Every line from the one that includes "10935 152 ST NW - photo 3" to the end of the entries should be written out exactly, with the first and last included.

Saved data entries
◇ ◇ ◇

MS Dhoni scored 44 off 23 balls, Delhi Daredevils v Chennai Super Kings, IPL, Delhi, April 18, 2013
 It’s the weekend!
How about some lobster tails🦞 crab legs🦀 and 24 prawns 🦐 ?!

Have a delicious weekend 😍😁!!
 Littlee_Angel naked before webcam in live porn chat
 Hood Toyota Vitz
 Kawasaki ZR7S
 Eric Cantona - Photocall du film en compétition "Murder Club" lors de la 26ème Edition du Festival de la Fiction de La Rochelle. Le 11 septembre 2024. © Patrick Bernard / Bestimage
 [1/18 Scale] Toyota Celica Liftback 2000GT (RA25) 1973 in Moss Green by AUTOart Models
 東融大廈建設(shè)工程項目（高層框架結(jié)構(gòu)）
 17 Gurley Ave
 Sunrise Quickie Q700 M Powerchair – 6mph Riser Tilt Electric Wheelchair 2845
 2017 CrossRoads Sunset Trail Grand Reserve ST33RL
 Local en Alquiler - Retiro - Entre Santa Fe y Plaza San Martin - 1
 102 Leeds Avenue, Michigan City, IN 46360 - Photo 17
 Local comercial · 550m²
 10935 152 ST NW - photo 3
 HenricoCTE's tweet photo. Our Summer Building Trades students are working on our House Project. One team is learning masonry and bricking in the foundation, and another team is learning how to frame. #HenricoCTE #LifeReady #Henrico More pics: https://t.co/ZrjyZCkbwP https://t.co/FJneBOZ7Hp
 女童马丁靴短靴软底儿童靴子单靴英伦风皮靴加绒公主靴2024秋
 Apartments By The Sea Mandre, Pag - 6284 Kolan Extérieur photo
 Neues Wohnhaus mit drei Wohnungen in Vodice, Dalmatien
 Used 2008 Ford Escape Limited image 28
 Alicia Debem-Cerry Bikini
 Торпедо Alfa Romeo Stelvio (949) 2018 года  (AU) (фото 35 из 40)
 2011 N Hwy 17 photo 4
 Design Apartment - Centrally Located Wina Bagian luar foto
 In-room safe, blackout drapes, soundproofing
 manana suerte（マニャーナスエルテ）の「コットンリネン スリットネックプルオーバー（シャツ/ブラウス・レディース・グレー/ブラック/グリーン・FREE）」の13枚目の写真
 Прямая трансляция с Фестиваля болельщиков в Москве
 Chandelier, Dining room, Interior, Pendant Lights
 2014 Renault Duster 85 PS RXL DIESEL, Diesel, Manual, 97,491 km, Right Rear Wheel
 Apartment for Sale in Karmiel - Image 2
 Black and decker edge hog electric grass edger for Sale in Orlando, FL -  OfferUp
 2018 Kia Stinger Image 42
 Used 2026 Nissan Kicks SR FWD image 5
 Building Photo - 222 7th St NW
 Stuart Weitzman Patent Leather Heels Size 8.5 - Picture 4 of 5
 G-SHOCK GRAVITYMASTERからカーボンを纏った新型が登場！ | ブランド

◇ ◇ ◇

Written solution —
 10935 152 ST NW - photo 3
 HenricoCTE's tweet photo. Our Summer Building Trades students are working on our House Project. One team is learning masonry and bricking in the foundation, and another team is learning how to frame. #HenricoCTE #LifeReady #Henrico More pics: https://t.co/ZrjyZCkbwP https://t.co/FJneBOZ7Hp
 女童马丁靴短靴软底儿童靴子单靴英伦风皮靴加绒公主靴2024秋
 Apartments By The Sea Mandre, Pag - 6284 Kolan Extérieur photo
 Neues Wohnhaus mit drei Wohnungen in Vodice, Dalmatien
 Used 2008 Ford Escape Limited image 28
 Alicia Debem-Cerry Bikini
 Торпедо Alfa Romeo Stelvio (949) 2018 года  (AU) (фото 35 из 40)
 2011 N Hwy 17 photo 4
 Design Apartment - Centrally Located Wina Bagian luar foto
 In-room safe, blackout drapes, soundproofing
 manana suerte（マニャーナスエルテ）の「コットンリネン スリットネックプルオーバー（シャツ/ブラウス・レディース・グレー/ブラック/グリーン・FREE）」の13枚目の写真
 Прямая трансляция с Фестиваля болельщиков в Москве
 Chandelier, Dining room, Interior, Pendant Lights
 2014 Renault Duster 85 PS RXL DIESEL, Diesel, Manual, 97,491 km, Right Rear Wheel
 Apartment for Sale in Karmiel - Image 2
 Black and decker edge hog electric grass edger for Sale in Orlando, FL -  OfferUp
 2018 Kia Stinger Image 42
 Used 2026 Nissan Kicks SR FWD image 5
 Building Photo - 222 7th St NW
 Stuart Weitzman Patent Leather Heels Size 8.5 - Picture 4 of 5
 G-SHOCK GRAVITYMASTERからカーボンを纏った新型が登場！ | ブランド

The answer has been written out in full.